Edmond Bojalil · Fundador, Recetas Mexas

Atualizado: 13 de mai. de 2026

Tamal de elote: o tamal doce de milho tenro mexicano

O que é?

O tamal de elote é uma versão doce e muito fofa do tamal mexicano. Em vez de masa de milho nixtamalizado elabora-se com grãos inteiros de milho tenro (milho fresco não maduro) moídos no metate, liquidificador ou processador, misturados com manteiga, açúcar, um pouco de farinha, leite e às vezes queijo fresco. Envolve-se na própria folha verde da espiga e cozinha-se no vapor. É típico de Michoacán, Guerrero, Puebla, Veracruz e muitas regiões maizeiras onde a colheita do milho tenro (julho a outubro) coincide com sua melhor temporada. Serve-se como lanche, sobremesa ou café da manhã acompanhado de café, chocolate quente, creme ou atole branco.

Origem e história

O tamal de elote é de raiz pré-hispânica direta: o milho tenro (milho fresco) era consumido pelos povos mesoamericanos desde tempos pré-colombianos em preparações chamadas elotlaxcalli e tamalli de elote.

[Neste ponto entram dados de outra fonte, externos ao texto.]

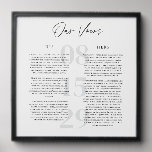 Wedding Vows Keepsake Display Art Print Photo Tile<br><div class="desc">Make your wedding date and vows part of your home decor with our photo tile keepsake - the perfect wedding or anniversary gift!</div>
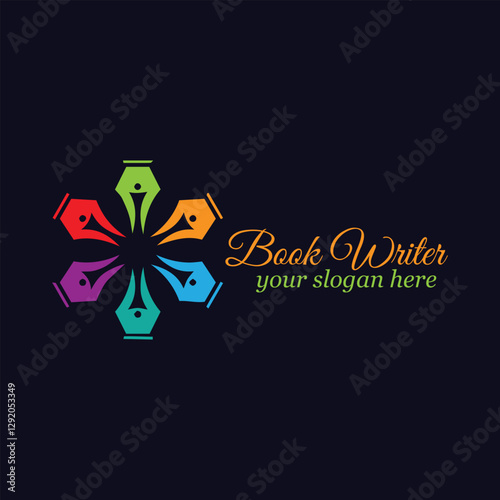 book writer author logo design vector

Frei Bernardino de Sahagún já menciona estes tamales doces de espiga tenra no século XVI. Após a chegada dos espanhóis somaram-se o leite, a manteiga e o açúcar, dando origem à versão atual mais guloso. Directo al Paladar e Infobae documentam como em Michoacán e Guerrero o tamal de elote é alimento de temporada que aparece em julho quando os milperos começam a colher espigas tenras e converte-se em oferta de rua até outubro. O Excélsior detalha que o tamal doce de elote também se conhece como uchepo em Michoacán, embora ali a masa vá sem açúcar e se sirva com creme e queijo.

Ingredientes característicos

O milho ideal é milho tenro branco ou amarelo, recém-colhido, com grão suave e leitoso ao apertá-lo. Debulha-se e mói-se cru no liquidificador ou metate até conseguir uma pasta fina; algumas receitas a coam ligeiramente. Mistura-se com manteiga macia (não banha, salvo nas versões michoacanas), açúcar a gosto (entre 1/3 e 1/2 xícara por quilo de milho), uma pitada de sal, fermento em pó e, opcionalmente, leite evaporado ou leite condensado para enriquecer. Algumas variantes adicionam canela moída, essência de baunilha, passas ou queijo fresco para contrastar a doçura. Envolvem-se nas folhas verdes frescas da espiga (totomoxtle) que conservam umidade e aroma. Cozinham-se no vapor durante 50 a 70 minutos, até que a masa se desprenda fácil da folha. A textura final deve ser tenra, ligeiramente granulada e muito fragrante.

Significado cultural

O tamal de elote é parte fundamental da cozinha maizeira mexicana de temporada e celebra o ciclo agrícola do milho tenro. Em Michoacán, o uchepo (seu parente local) é Patrimônio Cultural do estado e aparece em feiras gastronômicas como a Feira do Uchepo em Tarímbaro. Em Guerrero, os tamales de elote vendem-se em mercados como o de Tixtla e Chilpancingo durante a temporada de chuvas, quando as milpas dão sua colheita. A preparação reúne famílias inteiras: debulhar espigas e moer milho no metate é uma atividade coletiva. Para os povos nahua, purépecha e mixteco atual, o tamal de elote é além disso um alimento ritual que se oferece em celebrações de colheita (julho e agosto), simbolizando agradecimento à terra. A UNESCO incluiu a cozinha mexicana do milho como Patrimônio Imaterial em 2010, e o tamal de elote é um de seus representantes mais vivos.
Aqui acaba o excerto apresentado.